Marty Chenard, author of “The Course on Advanced Direct Marketing,” uses the curve to teach you how to set prices. The formula is simple: You describe the product or service to a sample of people then ask what a fair price, a bargain price, and a full price would be. As you climb the “hockey stick” portion of the curve, where growth is fastest, you want to get full price. Once most people have the product, however, you want to move toward the bargain price.

The implication of this exercise is that new products are better than old ones. The sweet spot occurs just after all the early adopters have the product, when the buzz is loudest, and when people start rushing to the stores for it.

This year, the Internet has been hit by the back end of that curve. Most people have dial-up Internet access. It’s an established technology. This means all sorts of follow-on products based on dial-up access (like your web site) are no longer on the fast growth track, either.

That’s the conventional market wisdom. It’s why venture capitalists and commentators are so fascinated with broadband (which may just be turning the corner) and wireless data (which may be about to) but aren’t interested in you.

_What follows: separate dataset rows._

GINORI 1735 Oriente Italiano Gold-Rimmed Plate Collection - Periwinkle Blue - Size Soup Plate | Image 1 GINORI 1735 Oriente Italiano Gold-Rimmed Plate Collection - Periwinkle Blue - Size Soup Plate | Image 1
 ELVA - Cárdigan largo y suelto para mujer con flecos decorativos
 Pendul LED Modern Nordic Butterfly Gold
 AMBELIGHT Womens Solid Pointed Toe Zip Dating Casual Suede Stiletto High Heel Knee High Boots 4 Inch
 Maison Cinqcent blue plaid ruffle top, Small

These new technologies are near their sweet spots, where the big profits are. The assumption is that if you want your site to grow, you have to serve these new markets, even at the expense of the old.

But it occurs to me that this conventional wisdom may be wrong. That’s because the Internet isn’t a product, or even a set of products. It’s a medium, like radio or TV.

It was exciting to be in the radio business during the 1920s and the TV business during the 1950s, but the good times didn’t end there. This was especially true for those who used either medium. For the folks who write, produce, and star in TV shows, these are the good old days. The late, great Steve Allen took home a lot less in his paycheck back then than, say, Jay Leno does today.

This is a point being missed by investors looking at web businesses of all types, whether they’re based on content, commerce, or services. The medium is fluid, and the stakes are always increasing. New stars can always be made, and those stars will earn far more than the old stars did.

Your web site, in other words, isn’t like TV or radio, whose success depends on where we are along the hockey stick curve of the Internet’s acceptance. Your site is a show, living on a huge, growing, and changing medium. Prove that you’ve got talent, and the rewards will come. It’s true today, and it will remain true 30 years from now.